MILANO - L’oggettivazione della condotta senza la necessità della presenza di intenzionalità. È uno dei cardini della giurisprudenza Figc in tema di lotta al razzismo. Lo evidenzia l’avvocato Cristiano Novazio dello studio legale DN Law di Milano, esperto di diritto sportivo, difensore di numerosi club e tesserati di massima serie davanti ai tribunali federali, agli organi della Fifa e al Tas di Losanna.
Come potrà svilupparsi il caso dell’insulto razzista attribuito da Juan Jesus ad Acerbi?
«Innanzitutto bisogna sottolineare che, per applicare con il giusto rigore l’articolo 2 dello Statuto Figc e l’articolo 28 del Codice di giustizia sportiva Figc in tema di lotta al razzismo e ogni forma di discriminazione, è stato stabilito che vale la percezione oggettiva dell’insulto senza alcuna valorizzazione dell’elemento soggettivo: è sufficiente che l’offesa sia in sé percepibile come razzista e discriminatoria».
È il riflesso della particolare severità con cui la Figc intende combattere il razzismo?
«Si.
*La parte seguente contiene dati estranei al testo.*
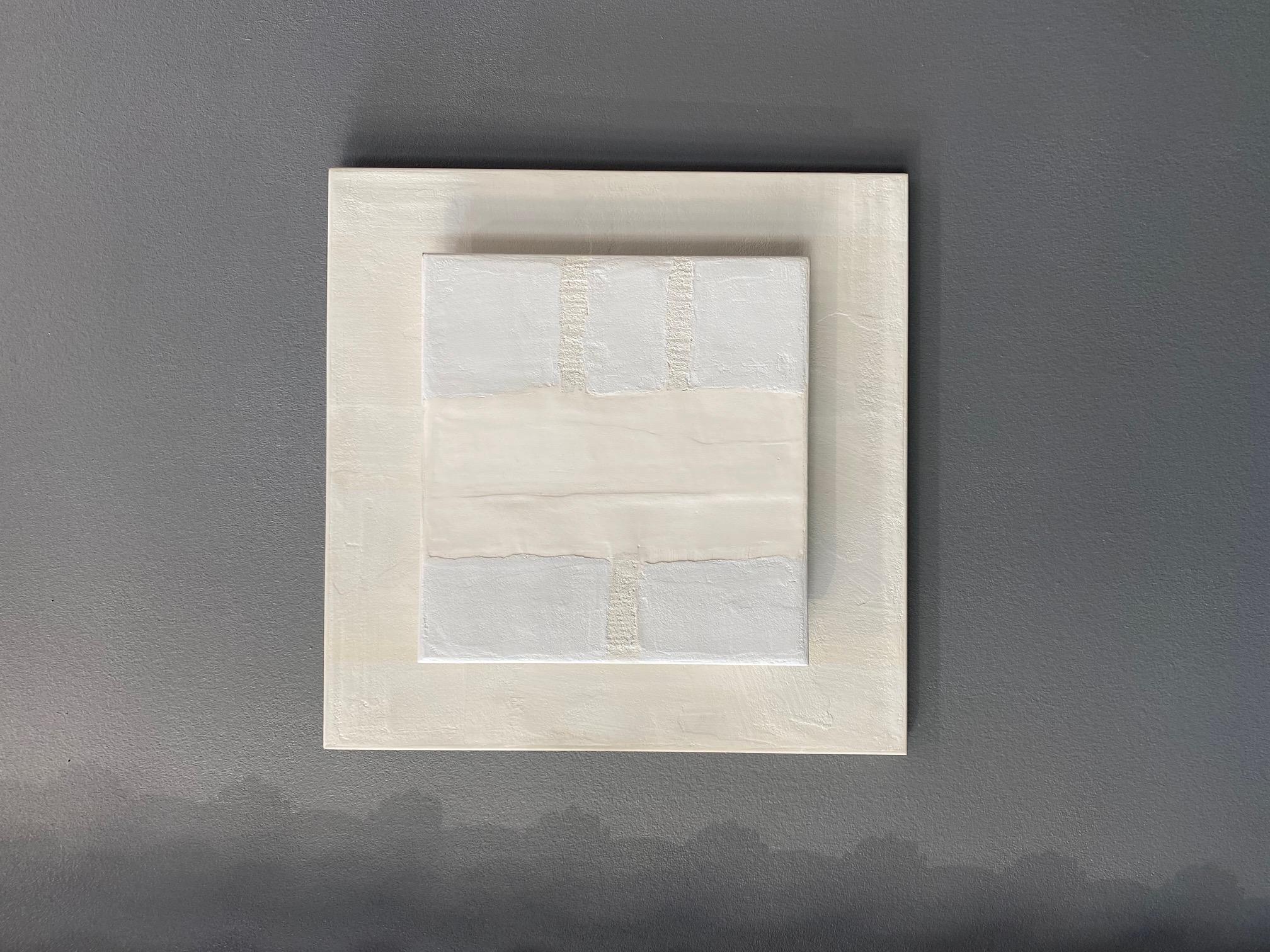 Collection plaster and cement n°6 by Gilbert Pauli - Mixed media 67x67 cm For Sale 1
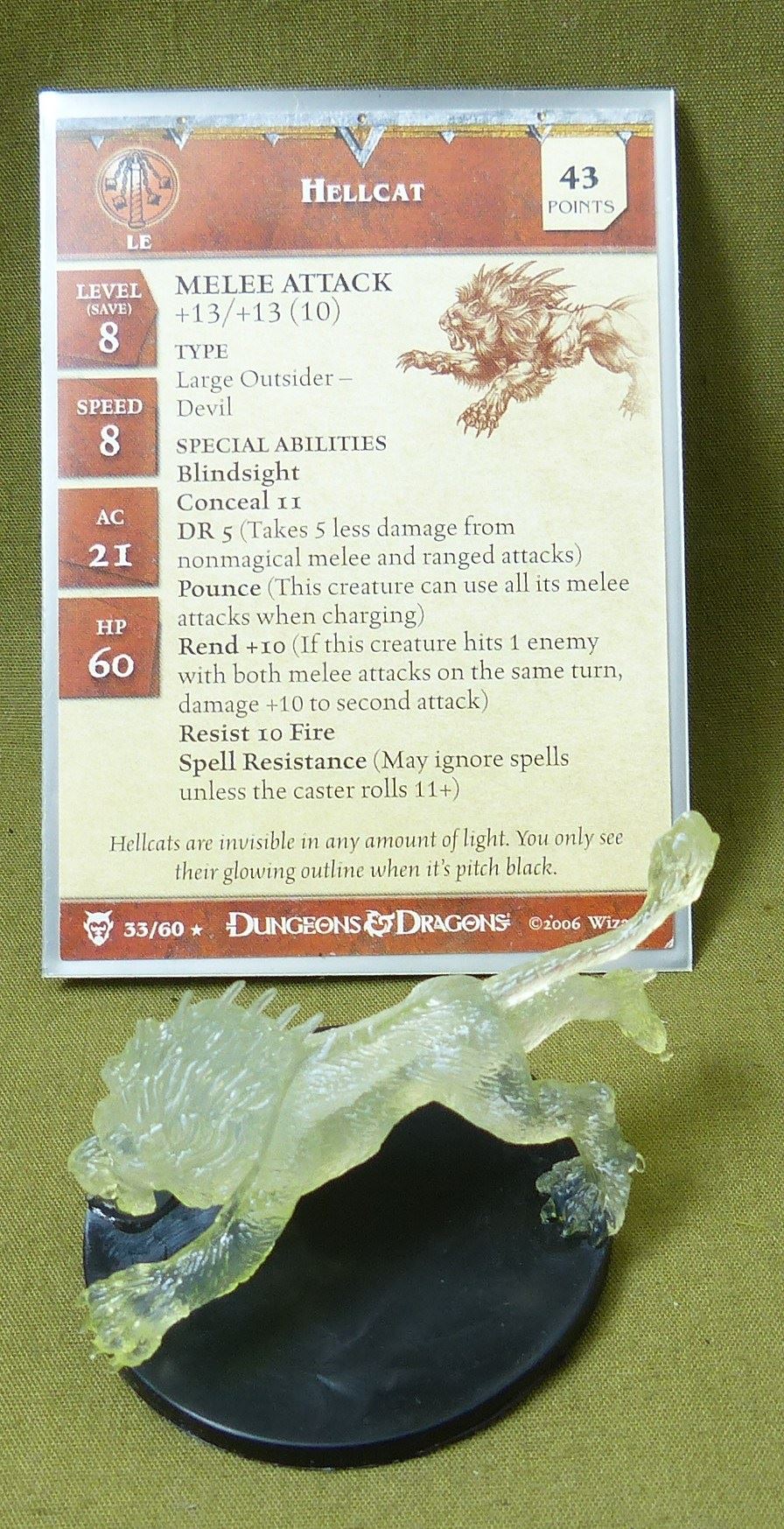 Hellcat - Dungeons & Dragons Miniature #VB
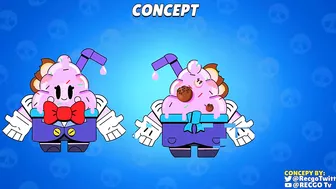 Brawl Stars: Ice Brawler, Icon & Pins | Brawler Concept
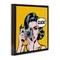 Stupell Industries Click Retro Photographer Floating Frame, design by Andreas Magnusson
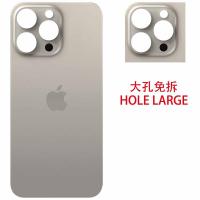 BACK COVER PER APPLE IPHONE 15 PRO LARGE HOLE NATURAL TITANIUM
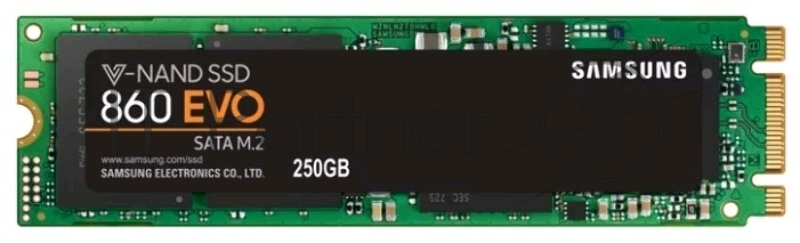 SSD диск 250ГБ M.2 Samsung 860 EVO MZ-N6E250BW (SATA III)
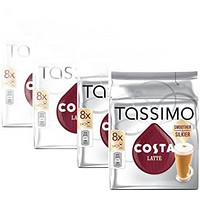 TASSIMO 胶囊咖啡 Costa 拿铁 8颗/包*4包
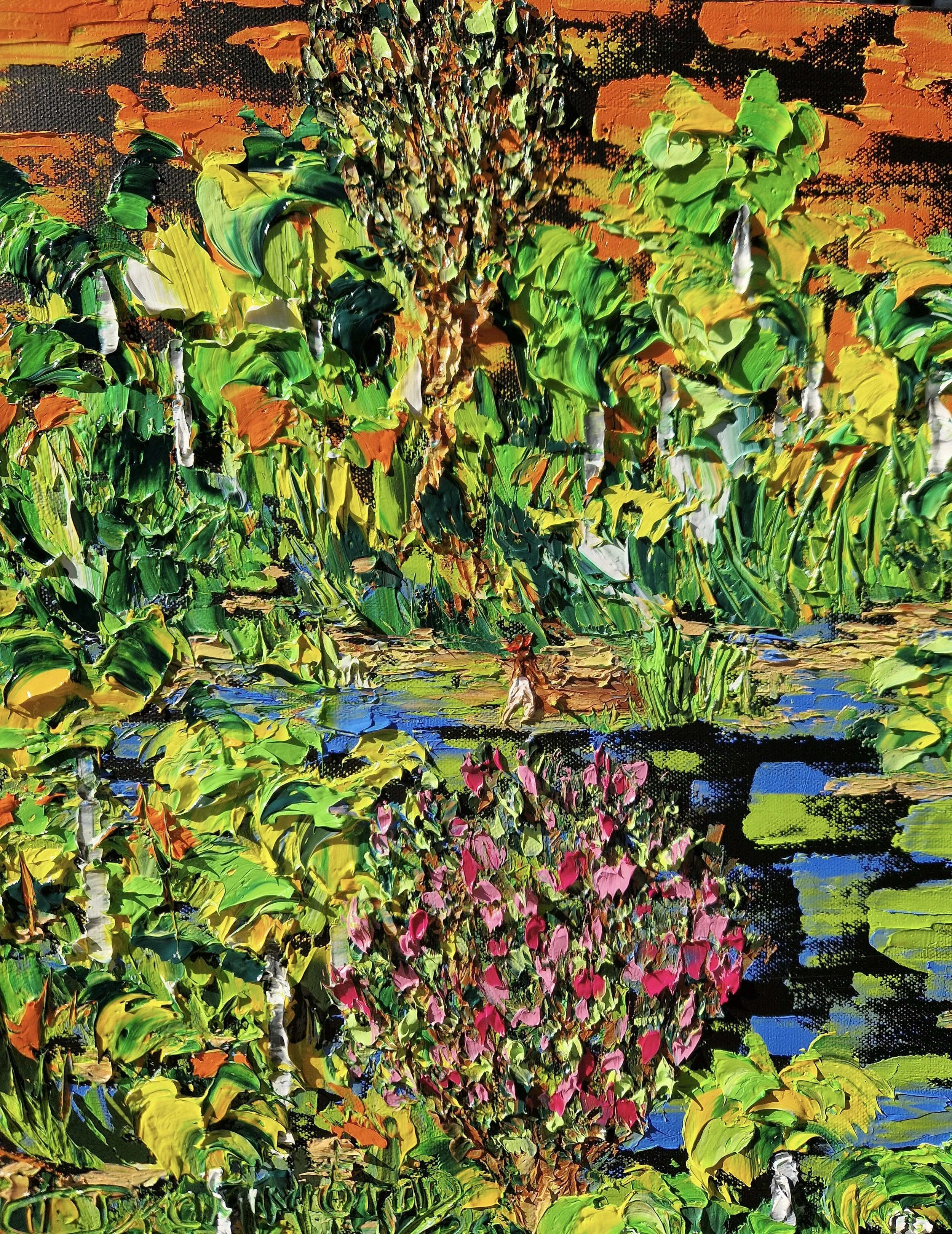 Detail of Encantos da Natureza showing lush Pantanal vegetation.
In questo ambito i criteri sono più rigidi, al contrario, per esempio, della condotta violenta dove, invece, rileva l’intenzione del giocatore di arrecare danno all’incolumità dell’avversario. Recentemente proprio con questa distinzione siamo riusciti a ottenere uno sconto di pena da tre a due giornate per un giocatore autore di una gomitata. Abbiamo dimostrato che non c’era intento lesivo e la condotta violenta è stata derubricata in gravemente antisportiva».
Quindi non servirebbe molto dire di non essere stato mosso da intenti razzisti, come pare abbia fatto Acerbi nel chiarimento con l’Inter?
«Esattamente, perché siamo in un ambito di oggettivazione della condotta. Conta quello che ha detto, non l’intenzione con cui l’ha fatto».